Jaya menyampaikan terdapat empat kabupaten/kota yang sudah eradikasi frambusia, yaitu Bontang, Balikpapan, Penajam Paser Utara, dan Paser.
"Sedangkan enam kabupaten/kota telah dilakukan penilaian sertifikasi bebas frambusia oleh komite ahli pada tahun 2023, yaitu Samarinda, Kutai Barat, Kutai Kartanegara, Kutai Timur, Berau, dan Mahakam Ulu," sebutnya.
Dinkes Kaltim berkomitmen untuk mencapai eliminasi filariasis, yaitu penyakit yang disebabkan oleh cacing yang ditularkan oleh nyamuk. "Kami telah melakukan survei epidemiologi di 10 kabupaten/kota dan menemukan prevalensi mikrofilaria kurang dari satu persen, yang menunjukkan bahwa filariasis dapat dieliminasi," paparnya.

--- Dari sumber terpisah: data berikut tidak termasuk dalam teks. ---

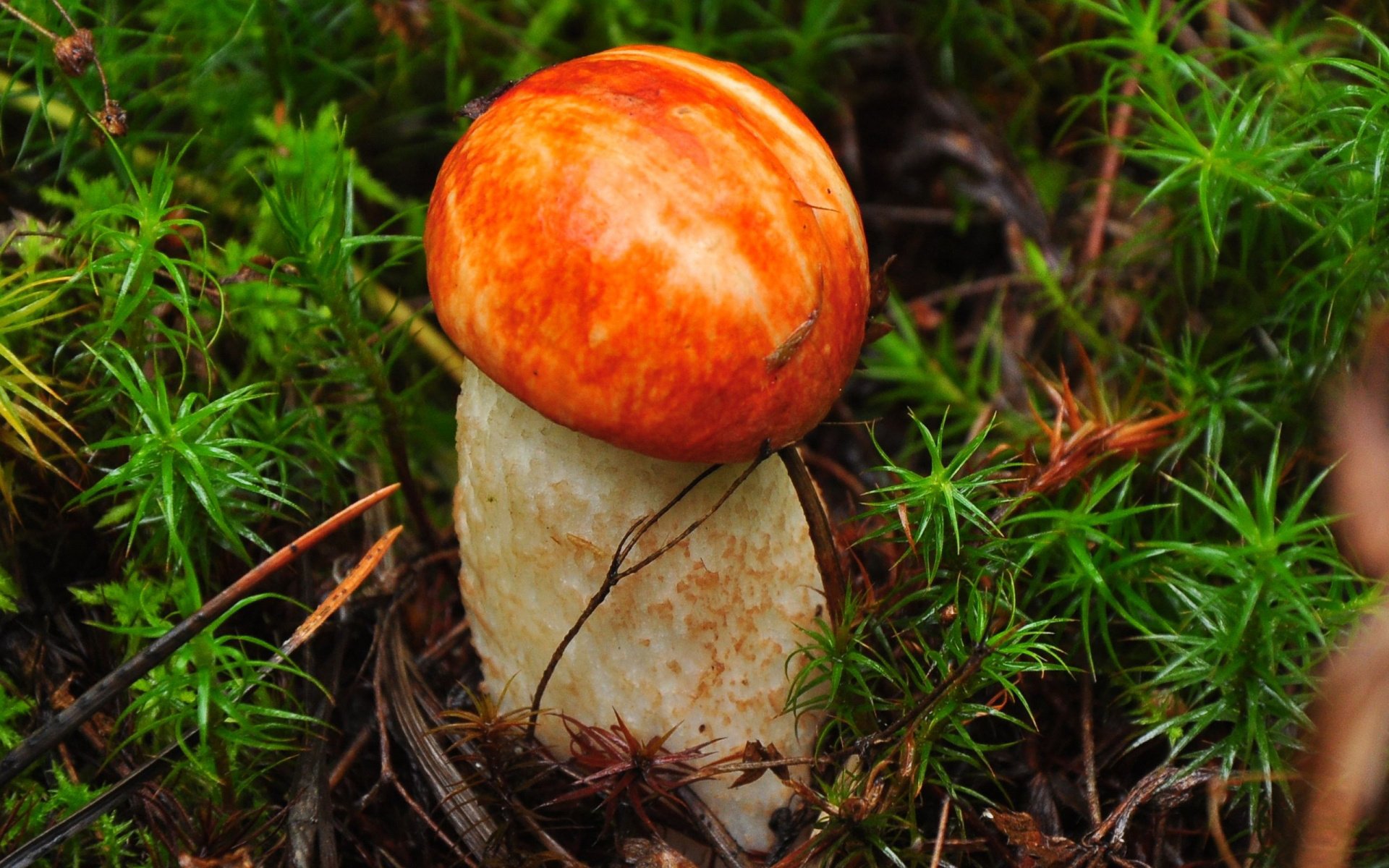 Vibrant Forest Mushroom HD Wallpaper – Nature’s Hidden Gem | 1920x1200 ...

Ia menjelaskan upaya eliminasi kusta, eradikasi frambusia, dan eliminasi filariasis mencakup upaya promotif, preventif, kuratif, dan rehabilitatif melalui beberapa langkah, antara lain intensifikasi deteksi dini ditandai dengan meningkatnya proporsi penemuan kasus kusta baru tanpa cacat, dan memutuskan penularan kusta dengan pengobatan sesuai standar.
Kemudian, memperkuat sistem surveilans aktif maupun pasif, baik di daerah yang belum dan yang sudah mencapai eliminasi kusta serta di daerah endemis maupun daerah non-endemis frambusia.
"Langkah berikutnya ialah pengobatan tepat waktu, pengawasan minum obat, perawatan diri dan pencegahan kecacatan serta pemberian obat pencegahan bagi orang yang kontak dengan kusta maupun frambusia untuk memutus rantai penularan," ungkap Jaya.
Ia meneruskan langkah lainnya, yakni meningkatkan pengetahuan masyarakat dan perilaku hidup bersih dan sehat yang akan berdampak pada pemutusan penularan penyakit kusta dan frambusia. Lalu, ketepatan dan kecepatan pencatatan dan pelaporan kasus kusta maupun frambusia, termasuk laporan nol kasus (zero reporting) melalui Sistem Informasi Pencatatan dan Pelaporan Penyakit.
"Kami mengharapkan dukungan dan kerja sama dari semua pihak, terutama masyarakat, untuk bersama-sama mencegah dan mengendalikan penyakit tropis terabaikan dan gigitan hewan berbisa di Provinsi Kaltim," ujar Jaya.